*613OPINION OF THE COURT
Kupferman, J.The petitioner-appellant in 1977 moved in the Family Court for an order of filiation, declaring the respondent Edward L. to be the natural father of her son who bore his name, Edward L., Jr. On the consent of the parties, an order of filiation was entered into, with provision for support for the son until he reaches the age of 21 years. Obviously, the petitioner from the very beginning believed the respondent to be the father of her child, and he readily accepted the responsibility. Clearly, he is entitled to all the rights of a natural father. (Caban v Mohammed, 441 US 380; see Silk, Adoptions—Making the Unwed Father Equal, NYLJ, May 7, 1979, p 1, col 2.)
Some 10 months after the entry of the order of filiation, the petitioner mother moved for an order vacating and setting it aside and granting a new hearing upon alleged newly discovered evidence. Together with the petition, which has an affidavit by counsel only and none by petitioner herself,* there was a letter from a physician stating that it was her understanding that Mr. L.’s blood type is O positive, and that the mother and the child have blood type AB negative, in which case parentage for Mr. L. is excluded. (See Schatkin, 1 Disputed Paternity Proceedings [4th ed], §§ 5.05, 5.10.)
The dissent would remand for a hearing on that question, but to what avail? The motive for the petitioner mother’s subsequent change of heart is undoubtedly, as set forth in the dissent, her difficulties with the respondent and his having initiated a proceeding under section 651 of the Family Court Act, seeking custody of the child. (See Braiman v Braiman, 44 NY2d 584, 589; see, also, "The Woman Pays”, The Bronx Bar Advocate, vol 25, No. 5 [Nov.-Dec., 1978], p 115; cf. Orr v Orr, 440 US 268.)

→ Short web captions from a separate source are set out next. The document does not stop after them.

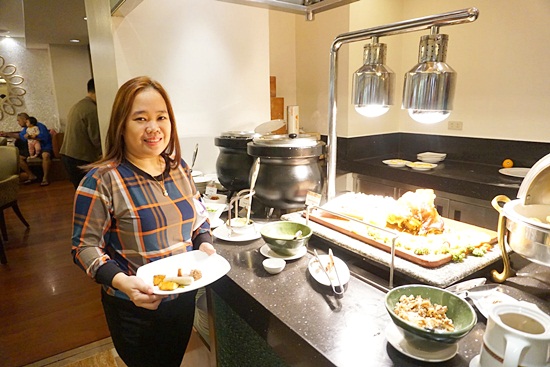 Richmonde Hotel Ortigas 2 Bedroom Suite buffet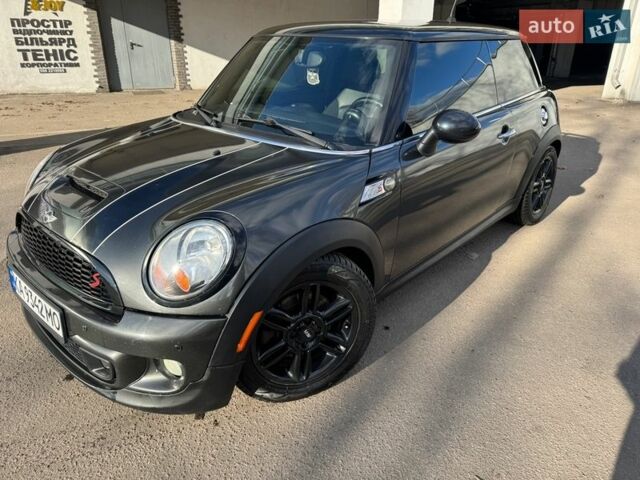 Сірий Міні Cooper, об'ємом двигуна 1.6 л та пробігом 247 тис. км за 8299 $, фото 3 на Automoto.ua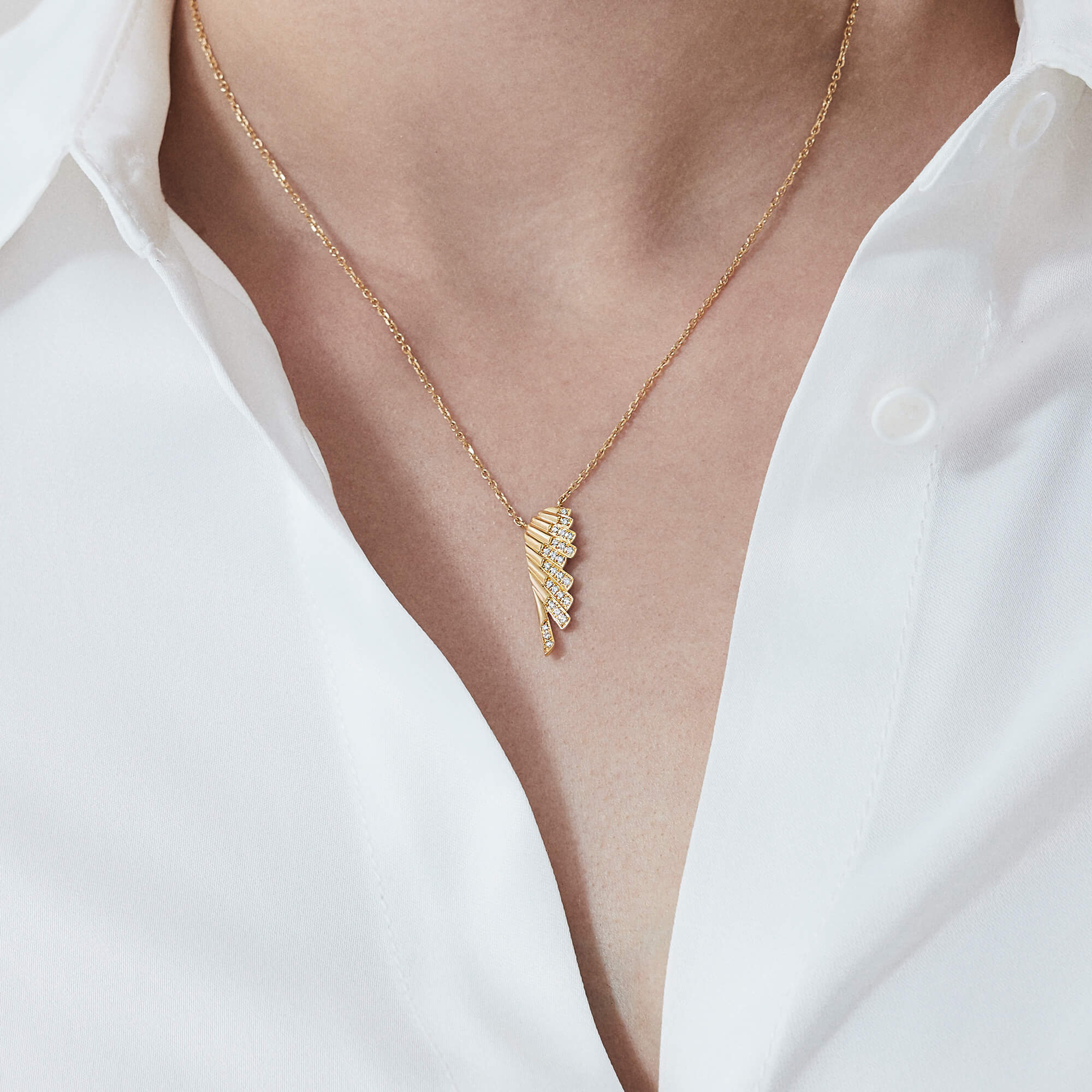 Garrard Wings Rising collection Mini Icon Diamond Pendant in 18ct Yellow Gold 2018633 001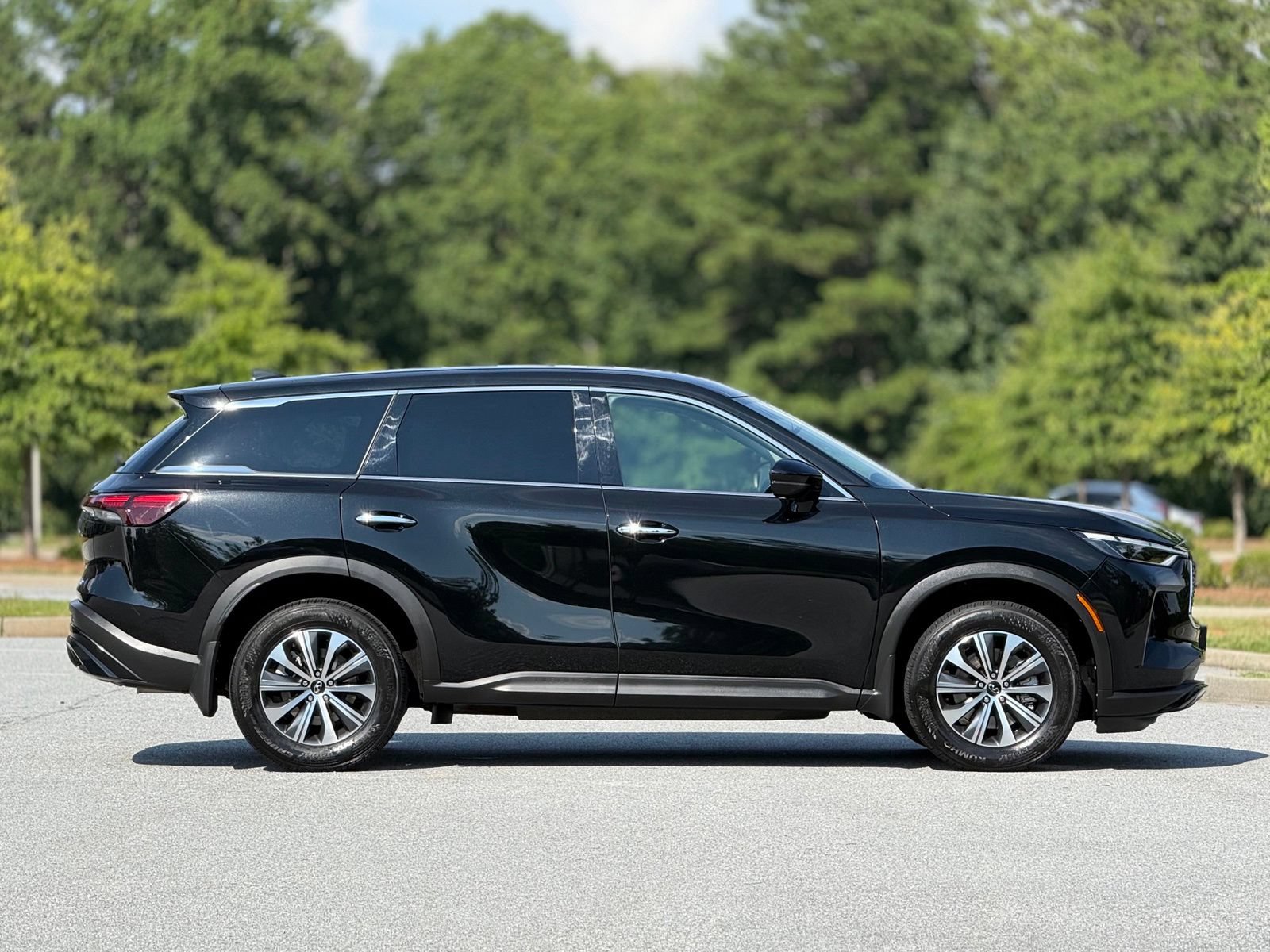 Used 2025 INFINITI QX60 Pure FWD image 12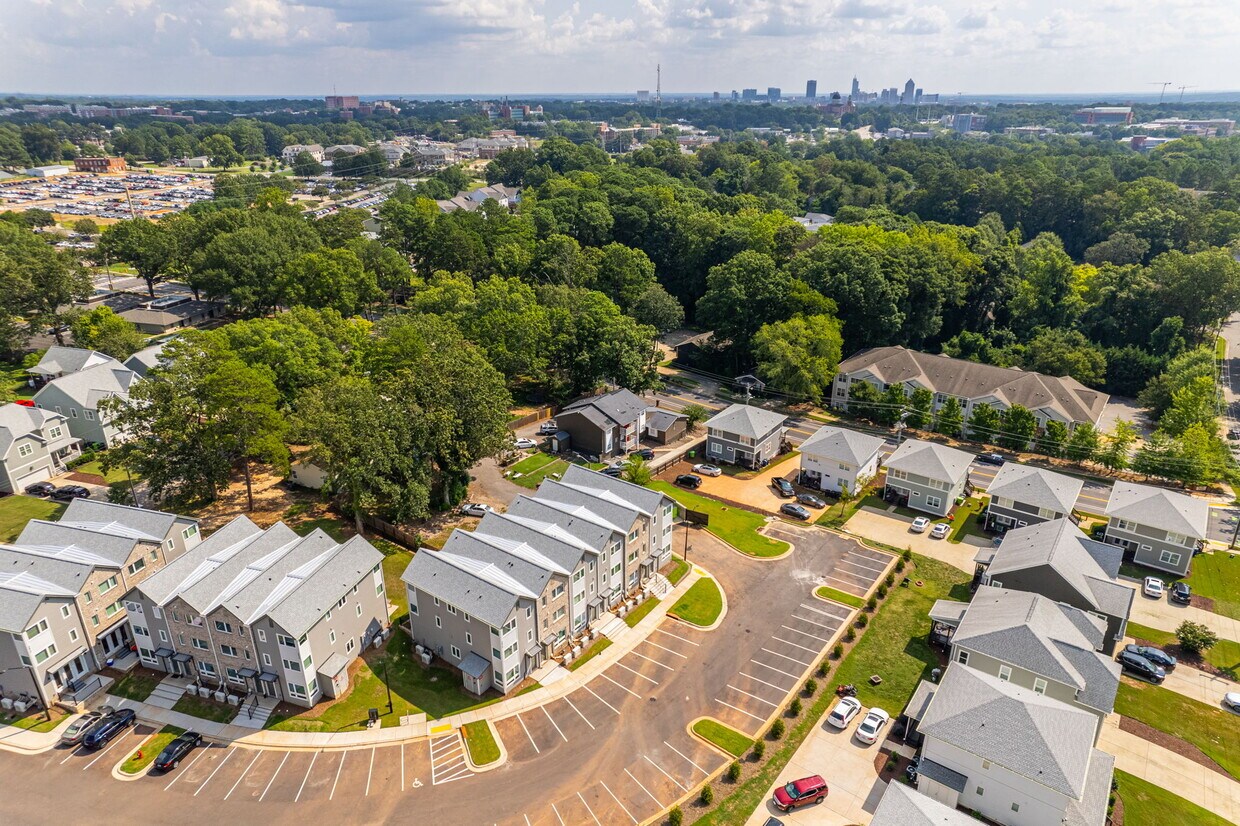 3817 Kelford St, Raleigh, NC 27606 Townhome Rentals in Raleigh NC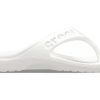 Tongs décontractées minimalistes Crocs Baya blanches 11999-100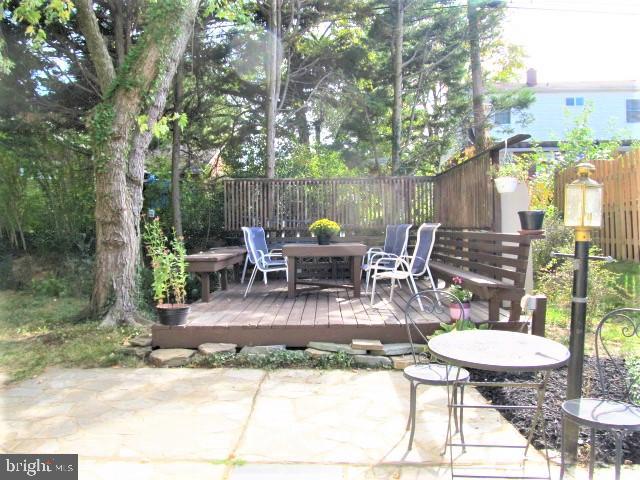 513 Forest View Road Linthicum, MD 21090 - Photo 41 of 47 Enjoy outside dining on the deck!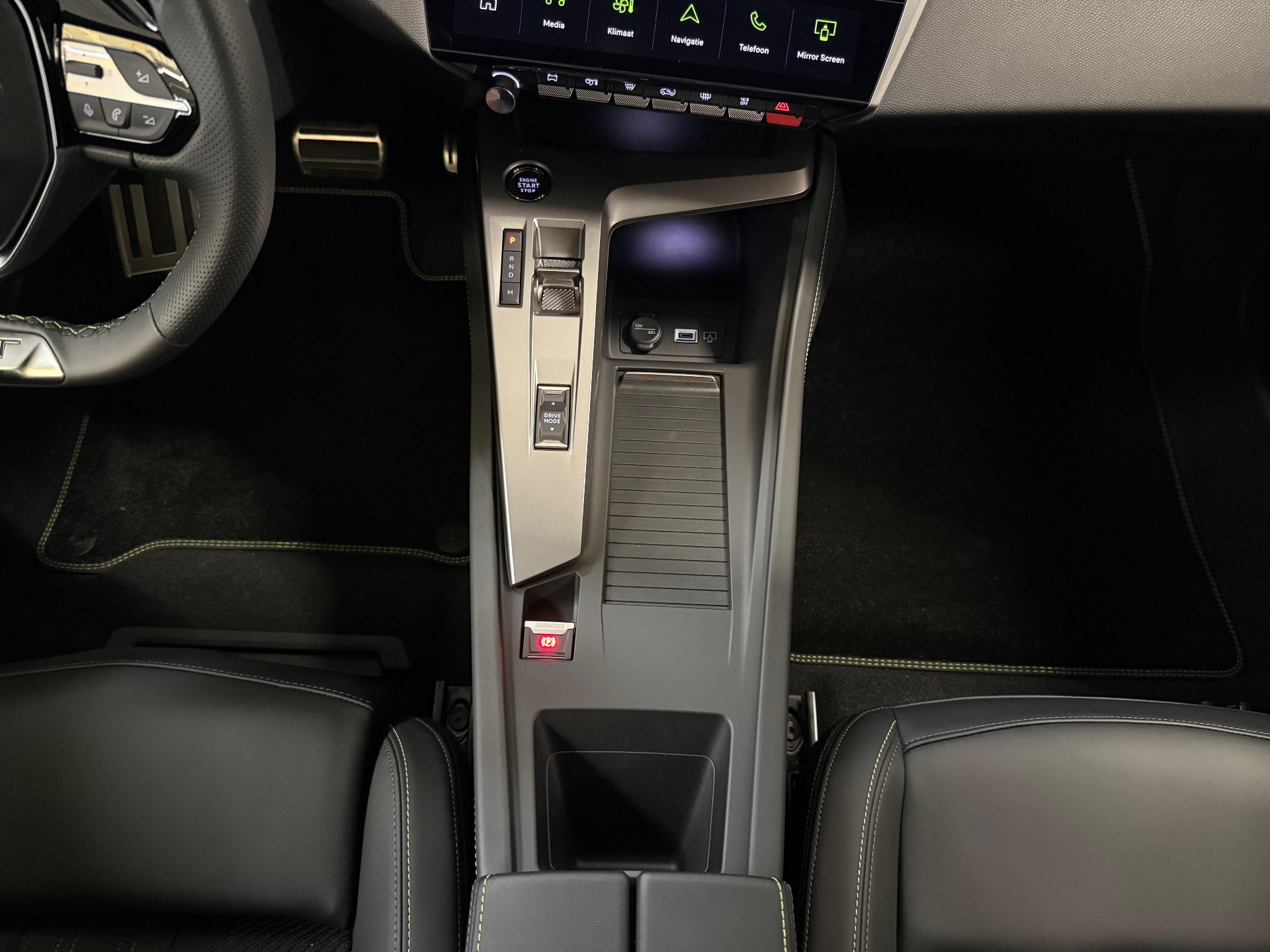 Peugeot 408 Hybrid GT e-DSC6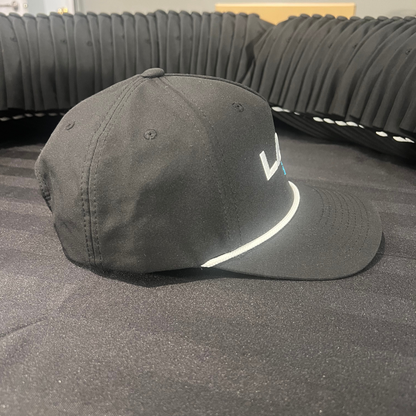 Vue latérale de la casquette classique à corde LabSports noire.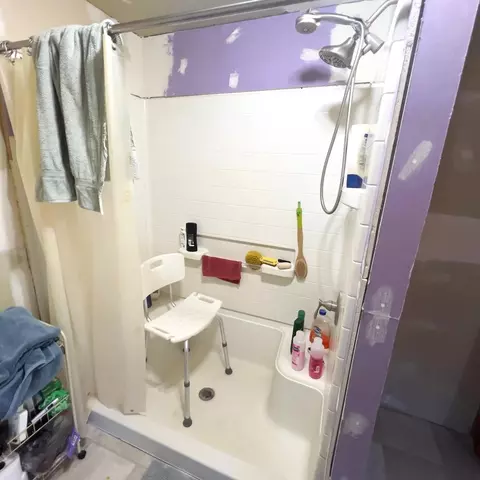 Bath - 407 Barry St, Colon, MI 49040 photo 2 of 3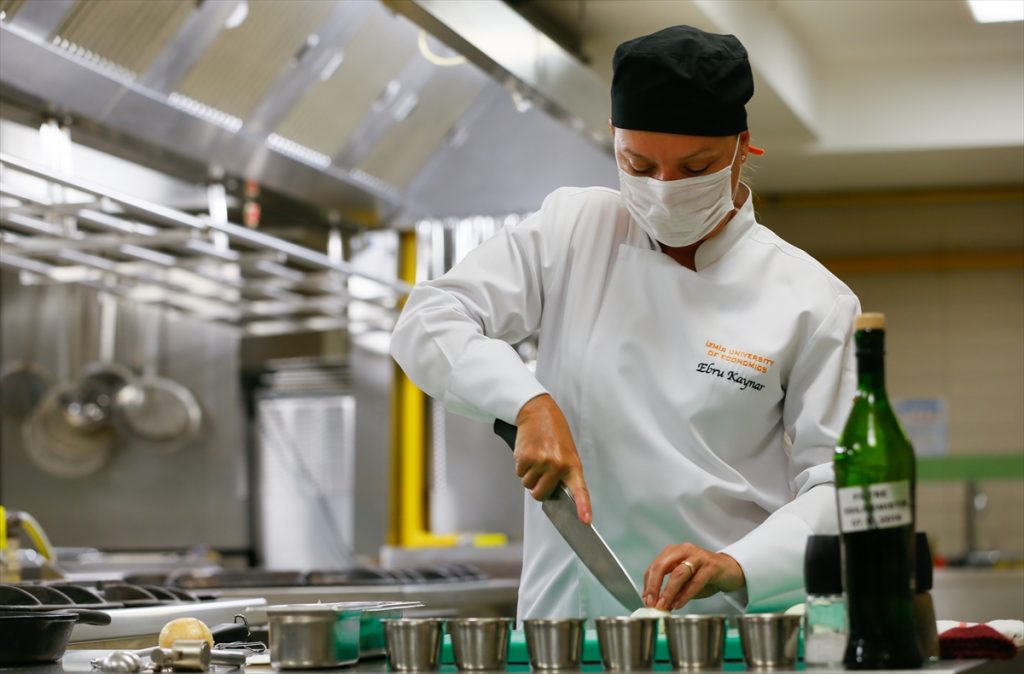 yaslisin diyerek dershaneye almadiklari ogrenci universiteden yuksek serefle mezun oldu 6 zvRLtutG "Yaşlısın" diyerek dershaneye almadıkları öğrenci Yüksek şeref listesine girdi.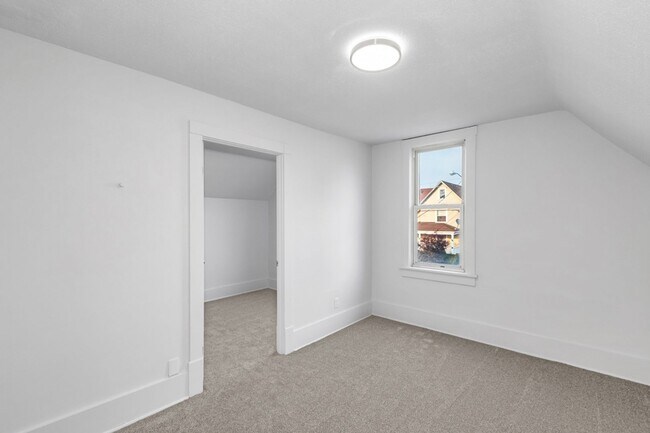 Building Photo - 705 Smith Ave SW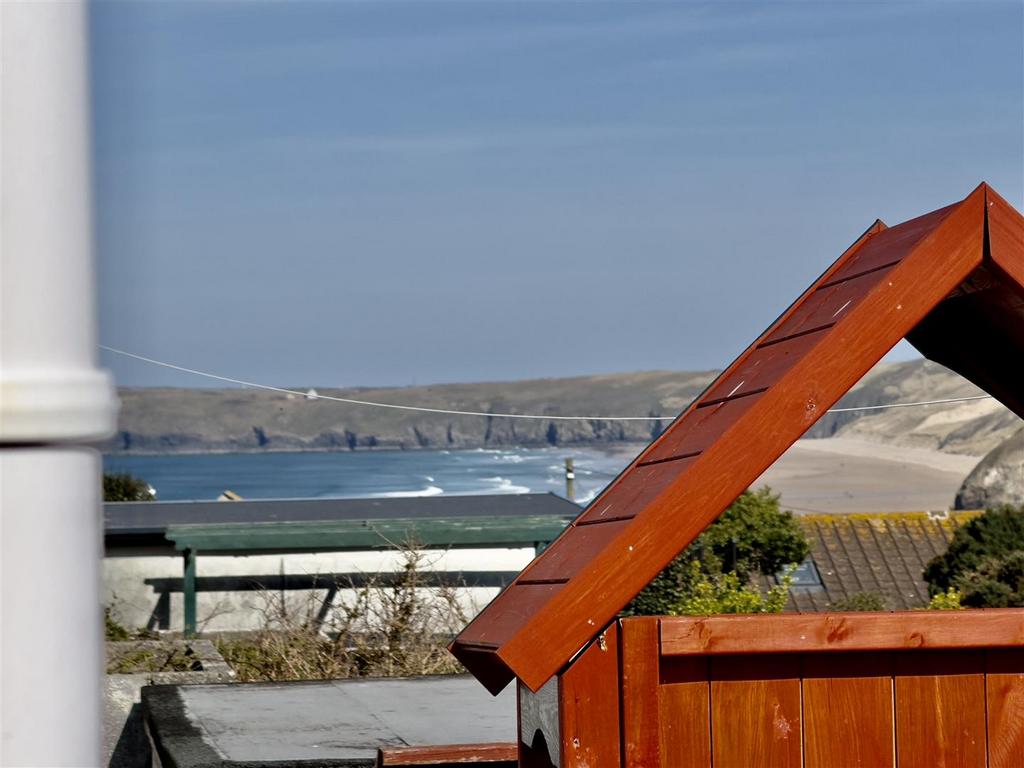 Sea view from rear steps.jpeg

At common law, there was a presumption of legitimacy in marriage, even though the wife was adulterous, given the cohabitation of the parties in conjugal relation at the time of conception. (Fisch, New York Evidence [2d ed], § 1129; Richardson, Evidence [10th ed], § 59.) The common-law rule has been abolished in New York State (Family Ct Act, § 531), *614allowing a husband to attempt to establish his nonpaternity. One way to help establish exclusion of a possible father is the blood grouping test. Usually, the purpose of the test is to aid the putative father in establishing his blamelessness. In fact, sections 418 and 532 of the Family Court Act provide for a blood test "on motion of the respondent”.
Shakespeare confirmed that "it is a wise Father that knows his own child” (The Merchant of Venice, act 2, scene 2). Unlike the mother, this respondent submits his own affidavit to the effect that the parties were living together at the time of conception, and in this case the father has assumed his responsibility, and the mother, when it suited her purpose, chose to foist responsibility upon him. The child benefits by the support provided, and it is the interest of the child with which we are most concerned. (Matter of Orlando F., 40 NY2d 103.)
With respect to the best interest of the child, it has been recently stated by Judge Cooke (now Chief Judge) that there is a "heavy burden of constitutional magnitude on one who would terminate the rights of a natural parent” (Matter of Corey L v Martin L, 45 NY2d 383, 386-387). Surely, such postulate is reinforced where, as here, there is a determination concurred in by both parties to the proceedings and by the court, resulting in a judgment. If there is additional evidence, and we do not have anything more than speculation, it is not newly discovered but rather recently sought.
The petitioner mother having sought the jurisdiction of the Family Court to establish paternity and having obtained the benefit of the judgment so secured, should now be estopped from seeking to have the court annul the judgment. (Matter of Montelone v Antia, 60 AD2d 603; cf. Psaroudis v Psaroudis, 27 NY2d 527.) The more so, when she offers no alternative possibility but merely suggests the respondent’s possible exclusion to the detriment of the child’s parentage. The child should not be kept in limbo. (Matter of Sanjivini K., 40 NY2d 1025, 1026-1027.)
The order of the Family Court, New York County (Thurston, J.), entered on or about December 20, 1978, should be affirmed, without costs.
On a matter such as this, there should be an affidavit by the party involved and not merely by counsel. (Capelin Assoc. v Globe Mfg. Corp., 34 NY2d 338, 342; Pathmark Graphics v J. M. Fields, Inc., 53 AD2d 531, mot to dismiss app granted 40 NY2d 1093.)